Usually Christmas just annoys me. Yep, I said it. It’s not just the secular consumerism, it’s the way Church treats Christmas, too. I usually just try to keep my head down and make it through until January when sanity is restored and all that is good and right returns. But this year was different.

This year is one of the first years I’ve been able to buy presents for people and not feel like I’m risking missing meals to do it. Seriously. Yet, this Christmas has caused me to think about sacrifice quite often. I didn’t really do all my shopping at once. Partly because I might have gone crazy if I did, and partly because I did it on weeks corresponding with paychecks. Buy a few toys here, a few other things there. Whatever you do, don’t stop and count the cost until they’re wrapped!

I started thinking about how I’d do it next year, trying to save money ahead of time. Then I wondered that if I actually had a few hundred dollars set aside if I’d actually spend it all at once if I did all my shopping in the same day. Would seeing the lump sum cause me to be less generous? Would the voice in the back of my head saying “You need a new laptop” win out if I spent $200 in one day instead of over several weeks? Would I even be able to save that much money for Christmas presents without touching it over the months preceding Christmas, or would my selfishness get the better of me? The idea of saving money makes sense to me. So does the idea of saving money for the possibility of giving it away. But, saving money knowing I’m going to give it away in some form or fashion before the end of the year? Part of me likes this idea, and part of me battles with it.

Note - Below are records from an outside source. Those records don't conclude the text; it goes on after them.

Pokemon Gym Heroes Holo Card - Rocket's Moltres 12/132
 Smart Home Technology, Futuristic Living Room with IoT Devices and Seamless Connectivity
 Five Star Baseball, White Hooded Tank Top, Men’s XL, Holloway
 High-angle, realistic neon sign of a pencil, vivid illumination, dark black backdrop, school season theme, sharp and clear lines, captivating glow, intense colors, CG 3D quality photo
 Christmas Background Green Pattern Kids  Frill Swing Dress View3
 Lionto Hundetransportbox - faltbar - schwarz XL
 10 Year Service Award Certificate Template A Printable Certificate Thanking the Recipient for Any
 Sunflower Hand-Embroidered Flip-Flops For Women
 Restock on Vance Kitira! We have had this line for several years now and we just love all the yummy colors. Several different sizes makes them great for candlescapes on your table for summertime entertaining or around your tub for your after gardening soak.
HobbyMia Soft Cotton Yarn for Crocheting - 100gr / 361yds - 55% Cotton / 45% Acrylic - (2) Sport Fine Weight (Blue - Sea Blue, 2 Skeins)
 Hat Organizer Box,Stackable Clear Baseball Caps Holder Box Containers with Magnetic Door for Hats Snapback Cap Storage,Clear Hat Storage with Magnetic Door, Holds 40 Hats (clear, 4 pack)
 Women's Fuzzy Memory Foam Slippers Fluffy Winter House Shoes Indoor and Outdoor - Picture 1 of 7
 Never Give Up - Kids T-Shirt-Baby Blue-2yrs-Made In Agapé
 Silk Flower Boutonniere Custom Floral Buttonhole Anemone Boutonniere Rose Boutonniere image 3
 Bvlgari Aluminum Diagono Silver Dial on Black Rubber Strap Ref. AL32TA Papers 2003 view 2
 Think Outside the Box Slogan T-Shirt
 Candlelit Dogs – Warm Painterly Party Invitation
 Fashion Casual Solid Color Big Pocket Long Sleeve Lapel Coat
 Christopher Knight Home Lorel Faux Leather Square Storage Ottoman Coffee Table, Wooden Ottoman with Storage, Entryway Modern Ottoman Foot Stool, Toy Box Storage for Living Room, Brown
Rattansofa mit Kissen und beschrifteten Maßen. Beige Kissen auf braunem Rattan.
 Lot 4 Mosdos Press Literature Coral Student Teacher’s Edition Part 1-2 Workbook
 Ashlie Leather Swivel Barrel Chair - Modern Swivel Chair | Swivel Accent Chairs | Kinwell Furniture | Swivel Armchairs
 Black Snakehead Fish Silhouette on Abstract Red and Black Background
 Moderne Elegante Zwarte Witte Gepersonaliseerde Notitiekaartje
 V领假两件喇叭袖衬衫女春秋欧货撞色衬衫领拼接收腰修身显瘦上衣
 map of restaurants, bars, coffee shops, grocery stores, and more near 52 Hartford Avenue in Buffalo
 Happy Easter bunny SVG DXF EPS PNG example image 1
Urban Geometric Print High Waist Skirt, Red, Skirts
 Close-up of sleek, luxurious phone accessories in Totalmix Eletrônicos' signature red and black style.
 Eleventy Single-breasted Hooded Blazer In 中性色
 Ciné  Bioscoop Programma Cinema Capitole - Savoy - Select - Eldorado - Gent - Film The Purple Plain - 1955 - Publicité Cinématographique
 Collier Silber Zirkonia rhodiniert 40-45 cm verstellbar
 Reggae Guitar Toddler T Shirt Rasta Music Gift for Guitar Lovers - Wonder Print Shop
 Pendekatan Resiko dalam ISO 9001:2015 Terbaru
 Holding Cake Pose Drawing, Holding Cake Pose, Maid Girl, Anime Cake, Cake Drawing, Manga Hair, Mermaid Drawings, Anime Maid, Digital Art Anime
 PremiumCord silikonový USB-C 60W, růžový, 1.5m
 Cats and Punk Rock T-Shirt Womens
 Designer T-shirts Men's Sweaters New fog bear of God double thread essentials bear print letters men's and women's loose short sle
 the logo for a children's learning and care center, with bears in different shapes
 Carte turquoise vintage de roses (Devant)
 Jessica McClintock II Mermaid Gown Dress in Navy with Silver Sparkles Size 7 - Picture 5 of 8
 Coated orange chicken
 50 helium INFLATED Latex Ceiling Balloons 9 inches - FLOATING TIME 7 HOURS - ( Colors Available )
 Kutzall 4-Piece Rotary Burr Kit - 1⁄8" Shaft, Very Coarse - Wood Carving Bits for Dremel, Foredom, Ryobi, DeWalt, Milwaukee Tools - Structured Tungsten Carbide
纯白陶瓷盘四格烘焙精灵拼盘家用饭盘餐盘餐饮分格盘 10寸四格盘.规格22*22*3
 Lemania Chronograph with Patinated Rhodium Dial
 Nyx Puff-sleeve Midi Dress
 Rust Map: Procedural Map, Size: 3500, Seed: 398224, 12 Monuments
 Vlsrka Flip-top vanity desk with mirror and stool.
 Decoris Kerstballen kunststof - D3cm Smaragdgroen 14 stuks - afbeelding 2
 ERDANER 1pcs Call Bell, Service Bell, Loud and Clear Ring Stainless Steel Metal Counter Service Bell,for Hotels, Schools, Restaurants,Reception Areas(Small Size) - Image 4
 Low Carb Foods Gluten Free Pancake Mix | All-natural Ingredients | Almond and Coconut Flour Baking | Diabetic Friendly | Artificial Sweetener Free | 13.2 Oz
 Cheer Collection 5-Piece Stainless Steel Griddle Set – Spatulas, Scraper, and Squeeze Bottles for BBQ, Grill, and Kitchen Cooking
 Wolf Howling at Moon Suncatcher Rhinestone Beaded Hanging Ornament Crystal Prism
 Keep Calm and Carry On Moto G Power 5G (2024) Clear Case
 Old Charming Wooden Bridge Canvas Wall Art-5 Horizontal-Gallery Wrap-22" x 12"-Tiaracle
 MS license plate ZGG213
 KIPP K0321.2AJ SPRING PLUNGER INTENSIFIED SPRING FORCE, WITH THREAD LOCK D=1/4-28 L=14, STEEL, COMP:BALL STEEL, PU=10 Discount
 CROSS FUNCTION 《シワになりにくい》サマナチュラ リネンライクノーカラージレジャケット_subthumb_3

Yet each time I’ve come to this battle, I think of how it must have been for Jesus. I’m going into the next year knowing that I can and should save up to give away. Jesus stepped out of Heaven and adorned flesh to pursue the reconciliation of His people through His death on the cross. He didn’t have to count the cost and wonder what the lump sum would be at the end. He was always fully God and fully Man, and He knew the cost required for our atonement would be His life. And he embraced His cross. He embraced His sacrifice.

It is in His sacrifice we find our freedom.

It is in His resurrection we find the purpose of Advent.